Soula: For over four years, we didn’t know what was going on. We were confused all the time.   

Theo: It was hard for me to wrap my head around this. Like, I’ve never broken a bone, but if someone breaks a bone and tells me the bone hurts, I can understand that. I believed Soula that she was in pain all the time, but I didn’t really get it in the same way. We tried to tick every box to figure this out. We went to a gynecologist, urologist, spinal surgeon, orthopedic surgeon.

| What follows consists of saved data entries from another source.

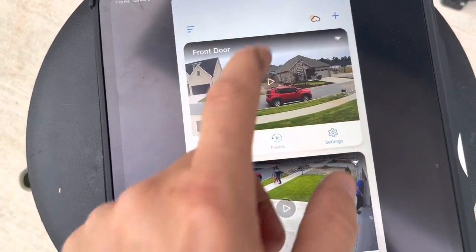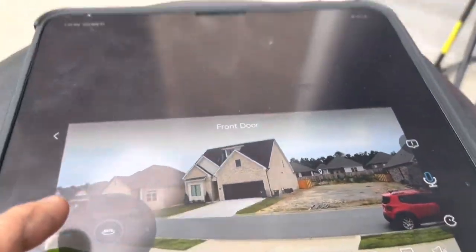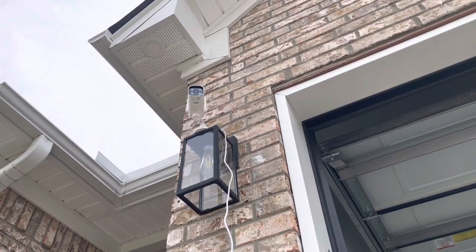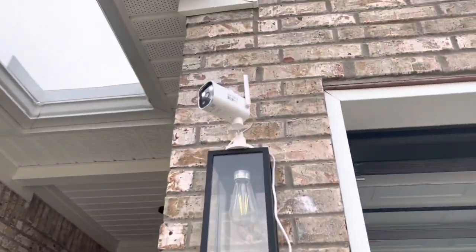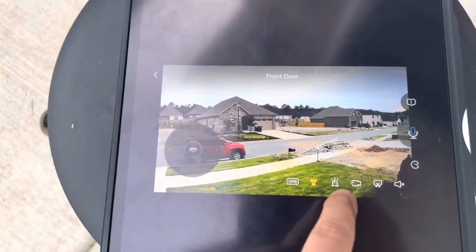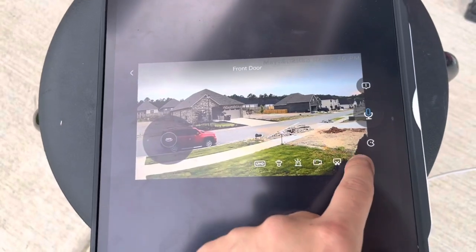This is the camera, I'm gonna go ahead and look at it. As you see, I'm gonna look at the light. There's the alarm and the light. There are the lights. Let me turn it off. As you see, you can hear it very clearly.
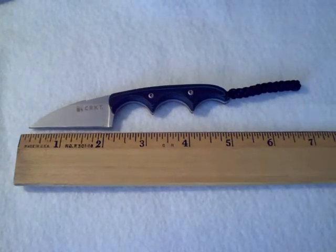Hello YouTube, it's been a while since I've posted a video, but you are looking at my latest acquisition — the CRKT Minimalist, or Columbia River Knife and Tool Foltz Minimalist, model 2385.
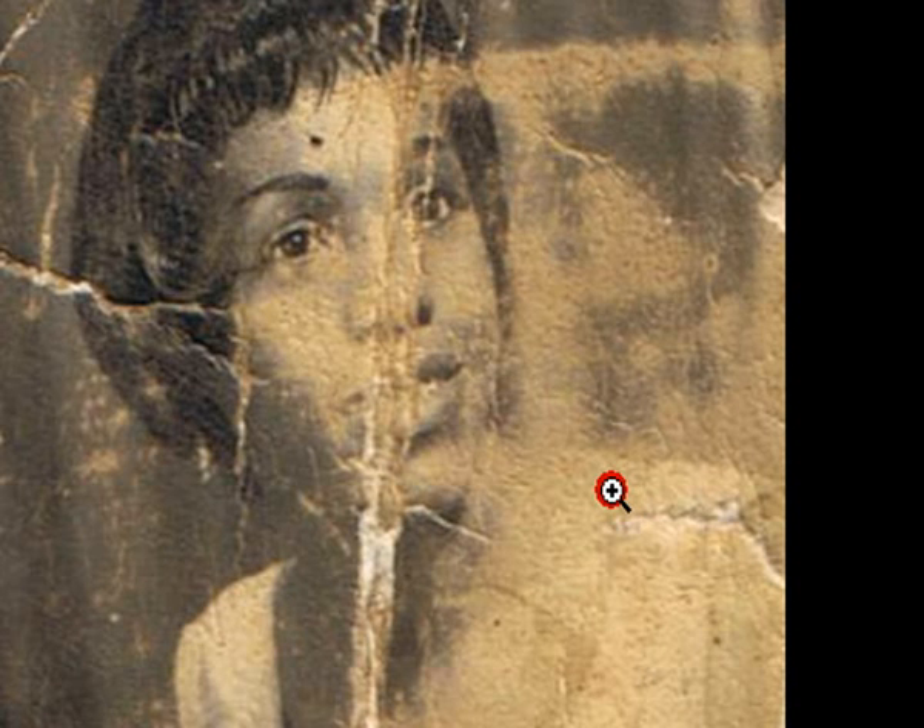I'm going to zoom in here real quick so you can get an idea about the repair that has to be done. You can see all of this area has to be reconstructed.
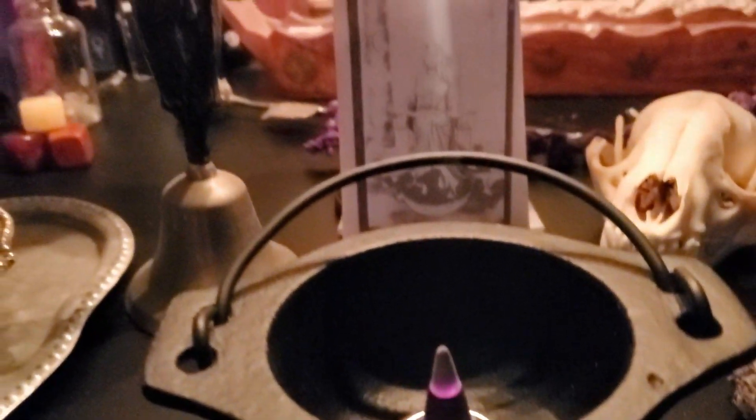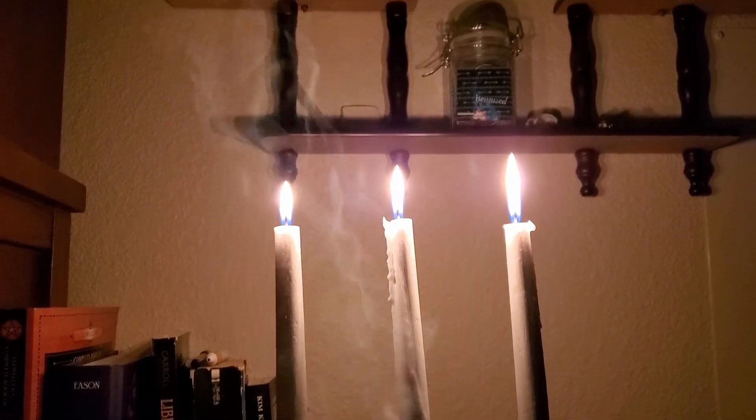That brings us to smoke scrying. A benefit of smoke scrying is that if you don't want or can't have an open flame, you can do this with incense — it creates a nice focus to help you zone out, reach a trance state, and get your visuals. You can also interpret the meanings of the swirls of the smoke as it rises. I recommend, especially in the beginning, having it set up in front of a blank wall or blank surface, because if there's a lot of busyness in the background behind it that can be very distracting. Eventually you'll just be able to scry wherever and whenever, but for now it's good to work with those more blank surfaces to maintain your focus.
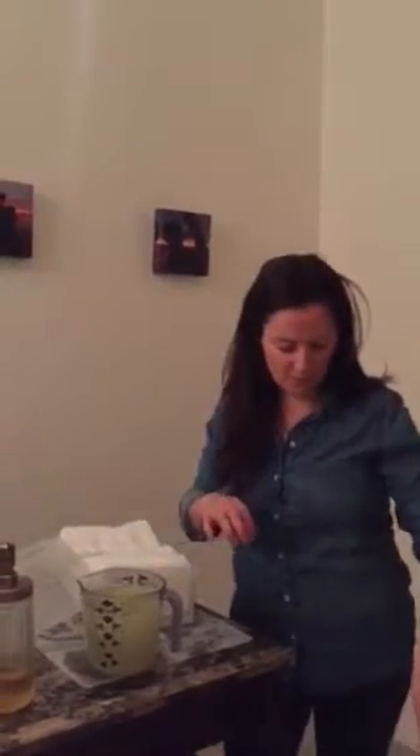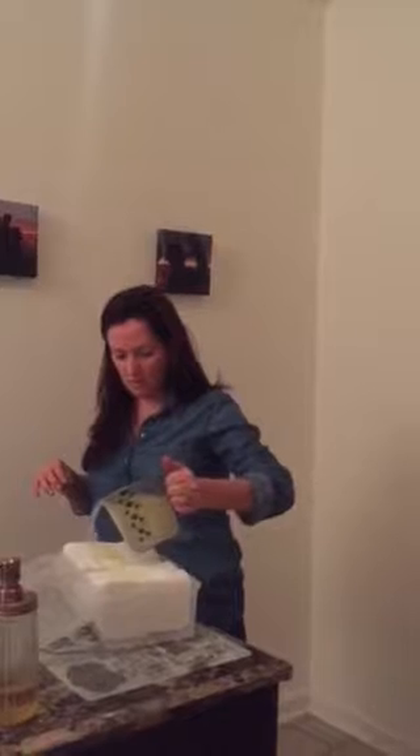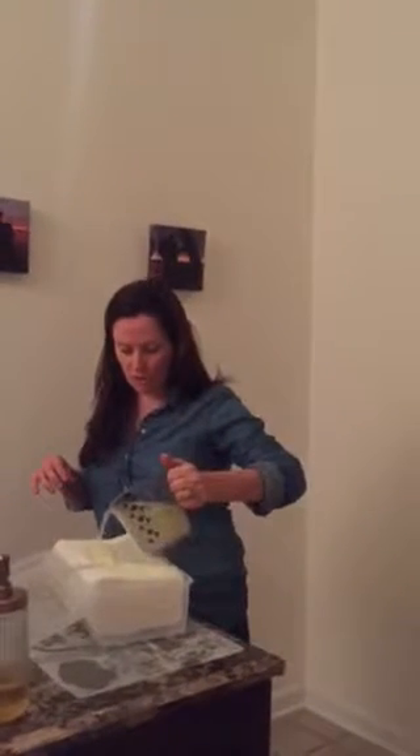You mix this concoction. I'll put the lids back on everything because we have a toddler who can pull stuff down. You want to make sure you mix it all first, and then you basically pour it over the wipes.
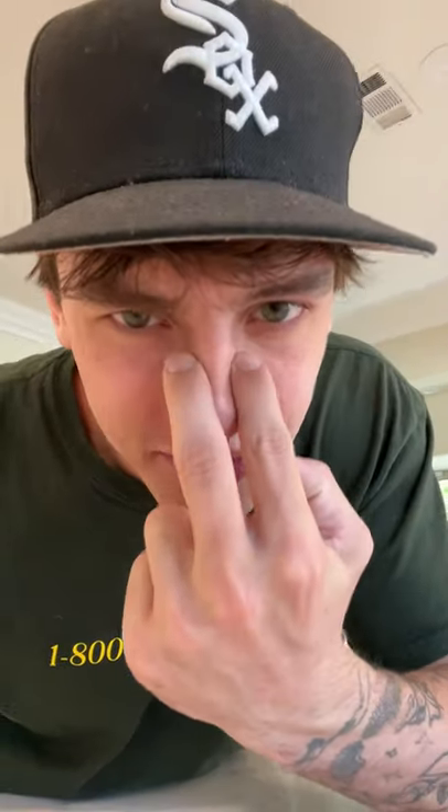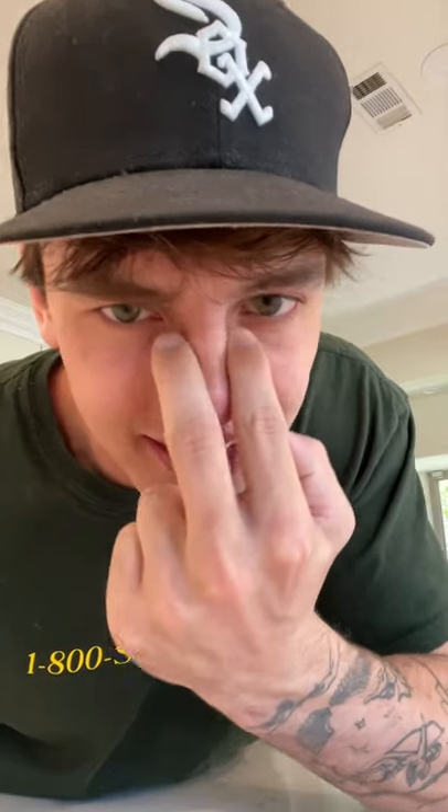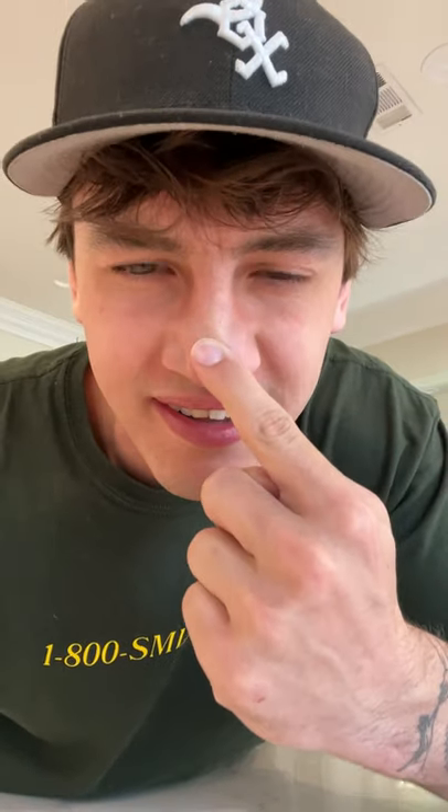Alright, so I just take my two fingers, massage my nose like this. Now I take one finger, rub it down, and then tickle here and just wait a few seconds.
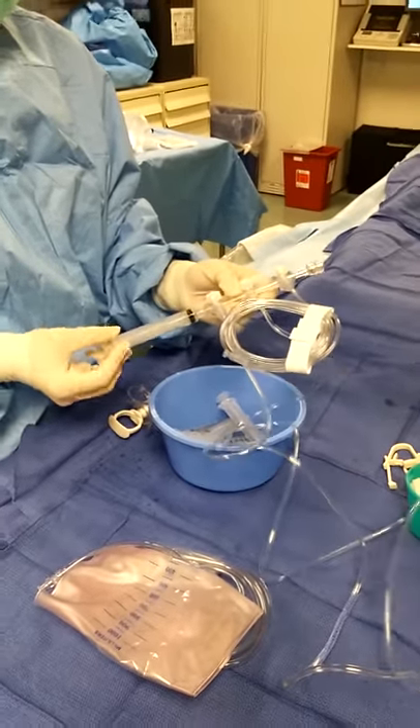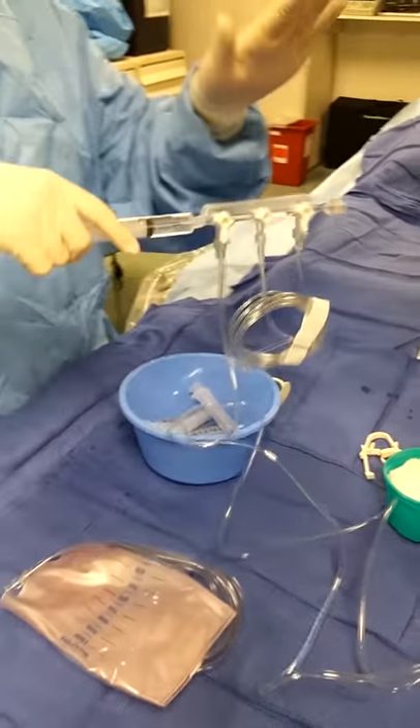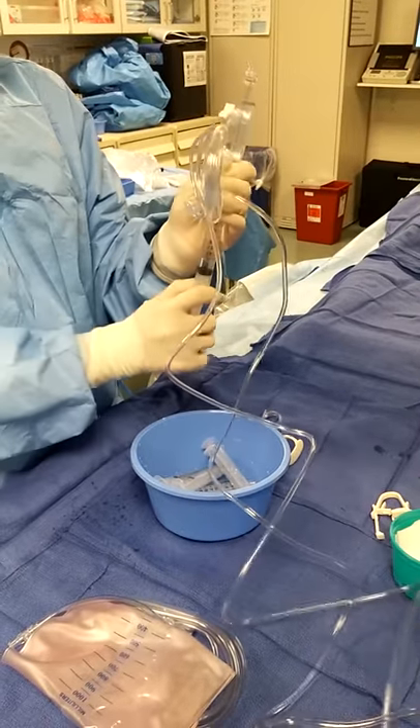I use a 10cc syringe. I don't use the control syringe — that's what this is. The manifold is going to be your setup.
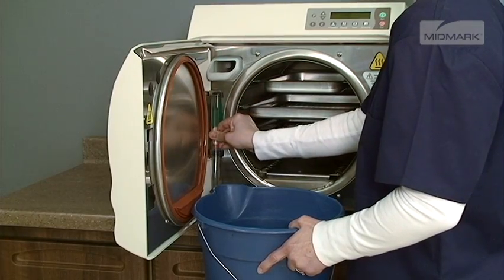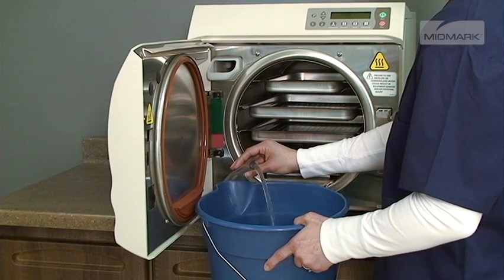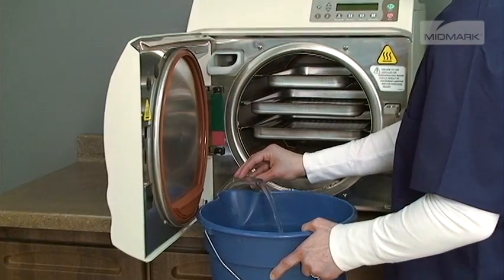After disconnecting the upper portion of the water level indicator, bend it downward and let the reservoir drain into a suitable container — a bucket, for example.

Soula: At least twice to each. And as time went by, my symptoms got worse, and new ones developed. Like, in the third year, I developed hypersensitivity in my clitoris. It was almost like someone had put my vulva on a live wire. It was like torture. It made me jumpy during sex. I got to the point where I had to sleep for three hours in the middle of every day just to function, because my pain usually subsided after sleep, and I could get things done again when I woke up.

Then an orthopedic surgeon examined me and said, “You’ve got nerve pain.” He sent me to a specialist who told me about these neuro stimulator implants that were often helpful for people with nerve pain. He said, “Why don’t we try one of these and see if it helps before we do something really invasive, like surgery to your coccyx?” I’m so thankful to him for that, because many people with pudendal neuralgia end up getting invasive surgeries. The stimulator helped. And while I did have to have an enlarged ligament in my back removed, my spine is fully intact.

The diagnosis also finally gave us an explanation for what was going on. We also found this great physiotherapist who had an aura of comfort and confidence about her, as well as in-depth knowledge about pudendal neuralgia, and we felt like we could discuss anything with her—including sex. We could laugh about things with her.